> _WHAT IS BEING ASKED_:
Nothing but the pictures gets dropped; retype every entry exactly.

------ DATA PROVIDED

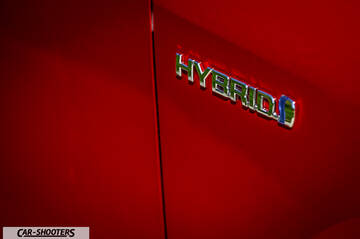 Toyota Corolla Hybrid – detail, hybrid badge close-up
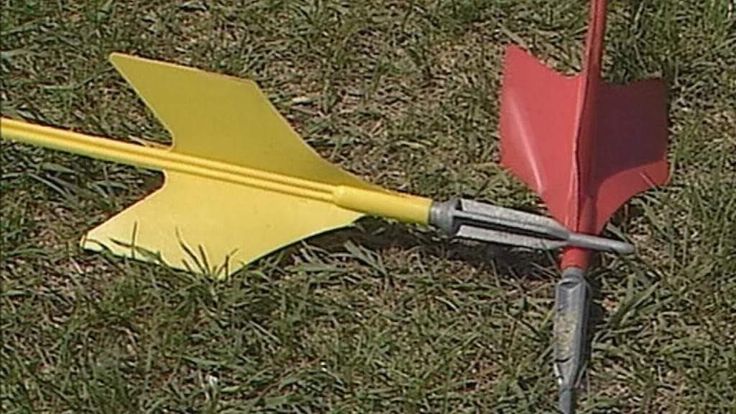 a red and yellow arrow laying on top of green grass next to a tool in the ground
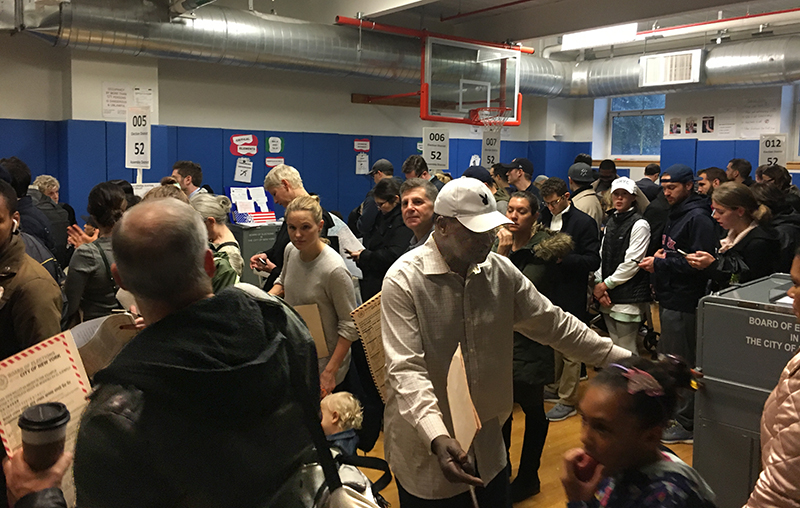 Unprecedented voter turnout combined with malfunctioning ballot scanners caused frustration and havoc at polling sites across Brooklyn for Tuesday’s midterm election. Shown above: Voters at P.S. 8 in Brooklyn Height were “packed wall to wall and everyone is grumpy.” Eagle photo by Sara Bosworth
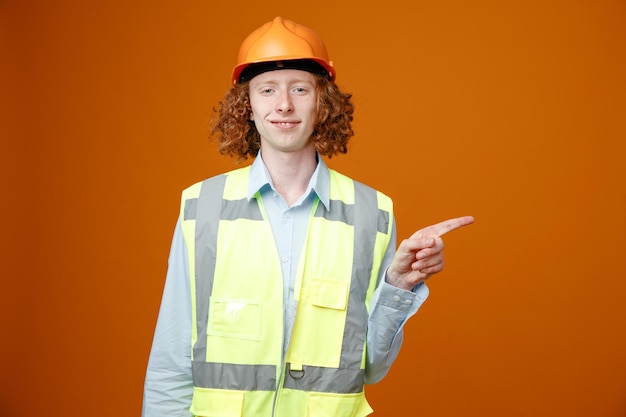 Młody konstruktor w mundurze budowlanym i kasku ochronnym, patrząc na kamerę, uśmiechając się pewnie, wskazując palcem wskazującym w bok, stojąc na pomarańczowym tle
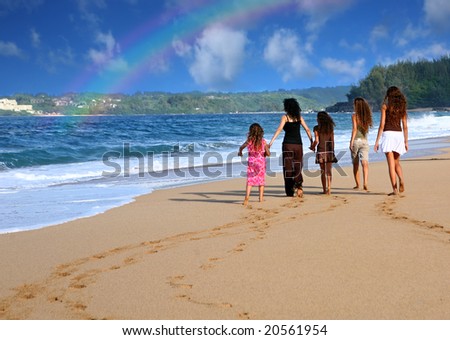 Family on the Beach Looking at a Rainbow on the Ocean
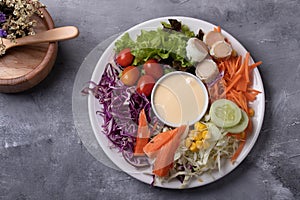 Mixed green salad, thick dressing in white plate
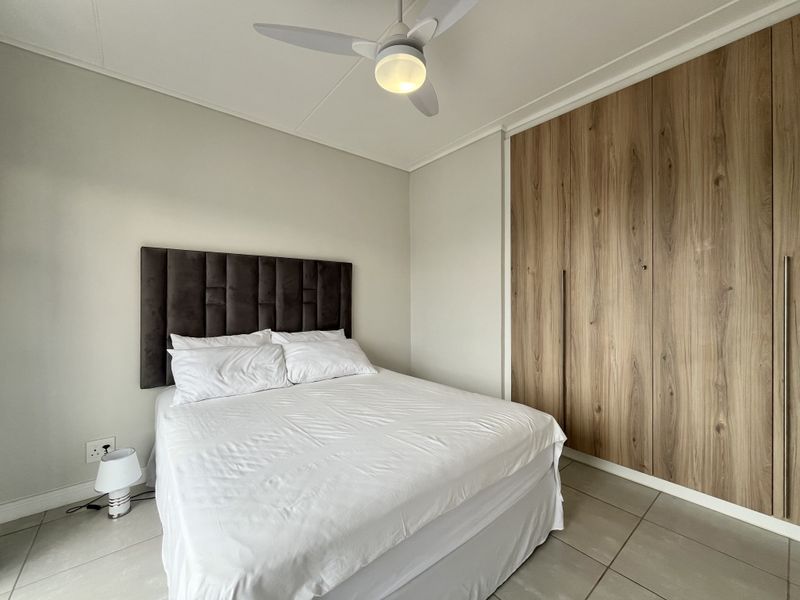 A well-maintained bedroom featuring modern wood-finish built-in cupboards, a ceiling fan, and neutral tiled flooring.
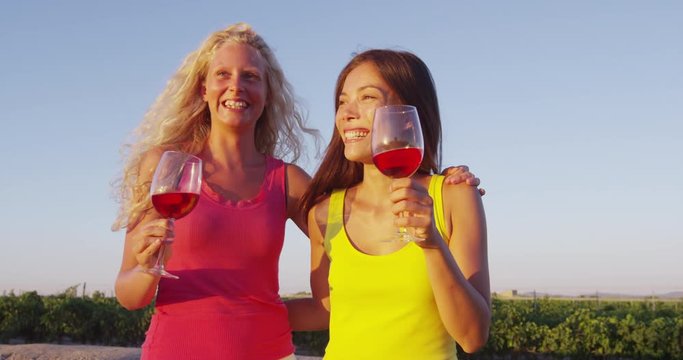 Friends drinking red rose wine at vineyard wine tasting - women having fun. Happy women holding glasses of red wine or rose enjoying a glass outside at sunset.
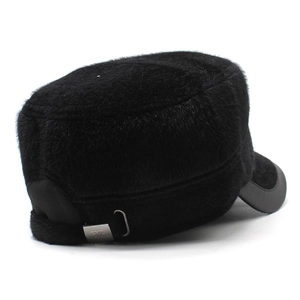 Detailed close-up of a black winter cadet hat featuring plush fur and a metal logo plate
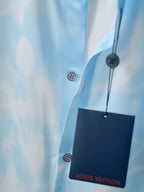 Light blue button-up shirt with visible buttons and hanging Louis Vuitton tag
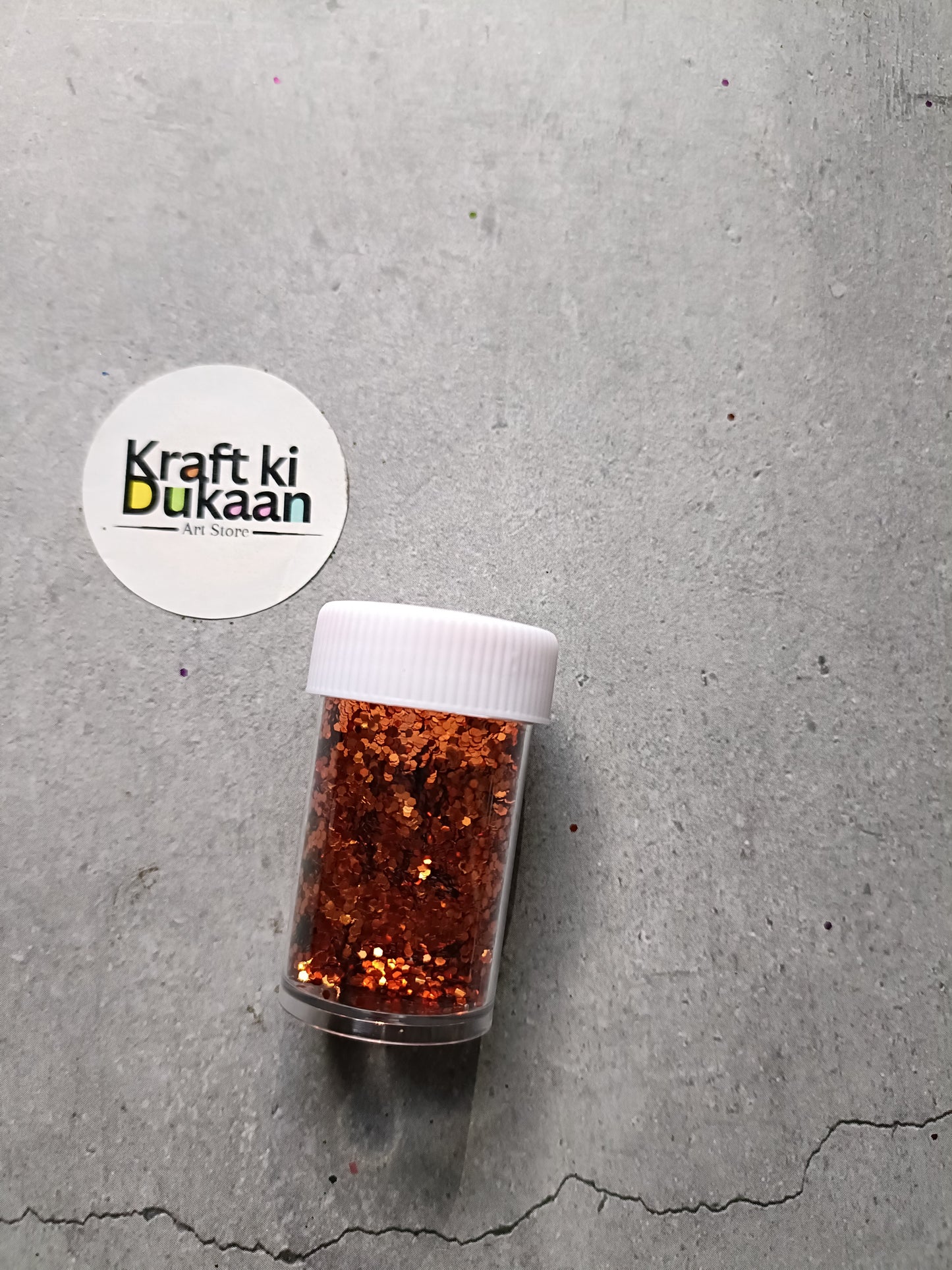 Hexagon glitter jar with copper-brown glitter in a small white-lidded bottle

------------

> _EXERCISE SOLUTION_:
 Toyota Corolla Hybrid – detail, hybrid badge close-up
 a red and yellow arrow laying on top of green grass next to a tool in the ground
 Unprecedented voter turnout combined with malfunctioning ballot scanners caused frustration and havoc at polling sites across Brooklyn for Tuesday’s midterm election. Shown above: Voters at P.S. 8 in Brooklyn Height were “packed wall to wall and everyone is grumpy.” Eagle photo by Sara Bosworth
 Młody konstruktor w mundurze budowlanym i kasku ochronnym, patrząc na kamerę, uśmiechając się pewnie, wskazując palcem wskazującym w bok, stojąc na pomarańczowym tle
 Family on the Beach Looking at a Rainbow on the Ocean
 Mixed green salad, thick dressing in white plate
 A well-maintained bedroom featuring modern wood-finish built-in cupboards, a ceiling fan, and neutral tiled flooring.
 Friends drinking red rose wine at vineyard wine tasting - women having fun. Happy women holding glasses of red wine or rose enjoying a glass outside at sunset.
 Detailed close-up of a black winter cadet hat featuring plush fur and a metal logo plate
 Light blue button-up shirt with visible buttons and hanging Louis Vuitton tag
 Hexagon glitter jar with copper-brown glitter in a small white-lidded bottle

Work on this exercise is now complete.